Gerecht van eerste aanleg: arrest van 13 juli 2000, Hendrickx/Cedefop, T‑87/99, EU:T:2000:191, punt 37

Gerecht van de Europese Unie: arrest van 20 mei 2010, Commissie/Violetti e.a., T‑261/09 P, EU:T:2010:215, punt 46

Gerecht voor ambtenarenzaken: arrest van 14 april 2011, Clarke e.a./BHIM, F‑82/08, EU:F:2011:45, punten 54, 74, 76 en 81

2.      De formulering van een opzeggingsclausule in de overeenkomst van een tijdelijk functionaris, die voorziet in de verbreking van de overeenkomst in geval de functionaris niet wordt geplaatst op de reservelijst van het eerstvolgende algemeen vergelijkend onderzoek van zijn functiegroep met een specialisatie op het gebied van de industriële eigendom dat wordt georganiseerd door het Europees Bureau voor personeelsselectie, kan in beginsel echter niet uitsluiten dat een vergelijkend onderzoek op het gebied van de intellectuele eigendom onder de bepalingen van de overeenkomst van die functionaris kan vallen, aangezien de specialisatie industriële eigendom integrerend deel uitmaakt van het gebied van de intellectuele eigendom.

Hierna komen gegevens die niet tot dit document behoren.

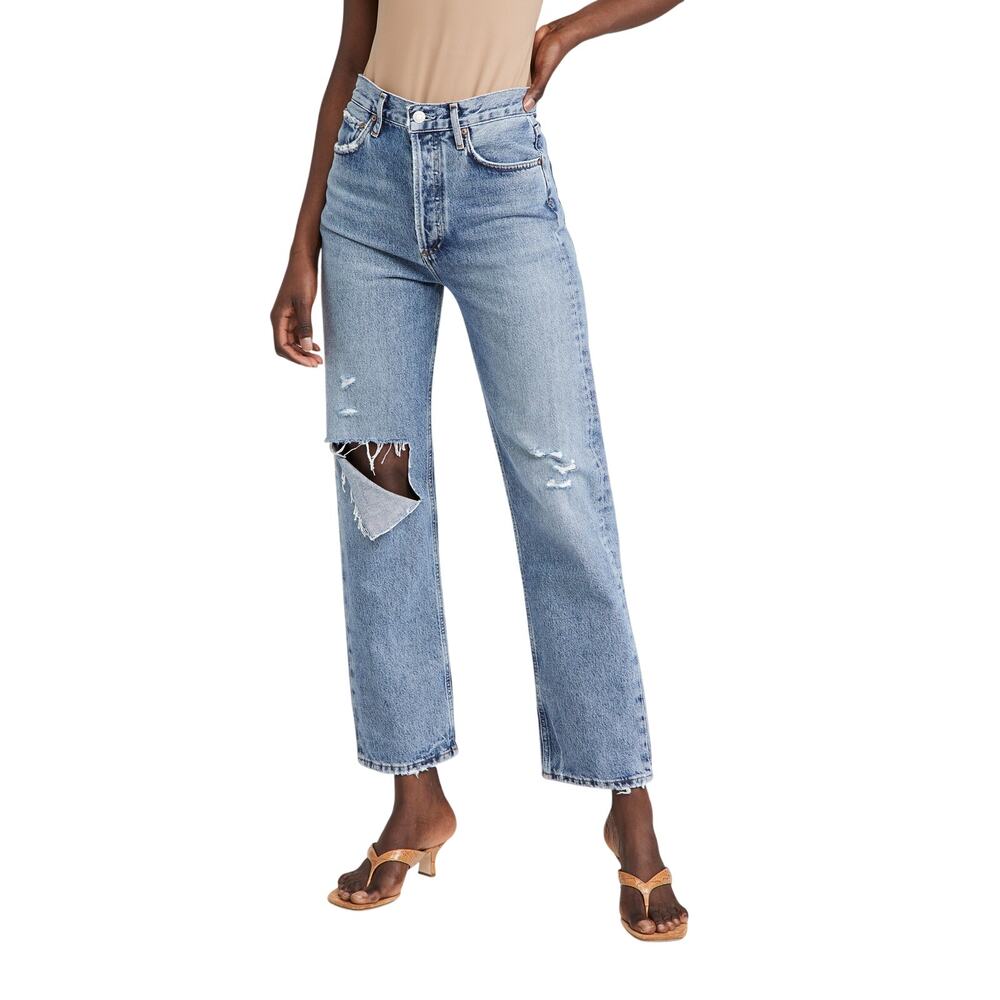 Agolde Distressed Lineup 90s Pinch Waist Denim Jeans Size 24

Dit betekent dat een aankondiging van vergelijkend onderzoek met een specialisatie op het gebied van de intellectuele eigendom onder de bepalingen van de opzeggingsclausule kan vallen en wel niet alleen gelet op de inhoud van die aankondiging, die het theoretische kader van de toetsen bepaalt, maar eveneens gelet op de effectieve voorwaarden voor het houden van de toetsen, welke voorwaarden moeten worden beoordeeld in het licht van de aan de rechter overgelegde elementen en de debatten die tussen de partijen hebben plaatsgevonden.

(cf. punt 57)

3.      Een besluit tot toepassing van een opzeggingsclausule in de overeenkomst van een tijdelijk functionaris, die de handhaving van de arbeidsverhouding afhankelijk stelt van de plaatsing op de reservelijst van een algemeen vergelijkend onderzoek, heeft noch direct noch indirect tot gevolg dat de belanghebbende in vaste dienst wordt aangesteld in de functiegroep en de rang waarvoor een vergelijkend onderzoek is georganiseerd. De belanghebbende kan dus niet met succes stellen dat een dergelijk besluit in strijd is met het beginsel van gelijke behandeling, op grond dat het tot gevolg heeft gehad dat hij, ondanks zijn beroepservaring, in vaste dienst is aangesteld in dezelfde rang als beginners.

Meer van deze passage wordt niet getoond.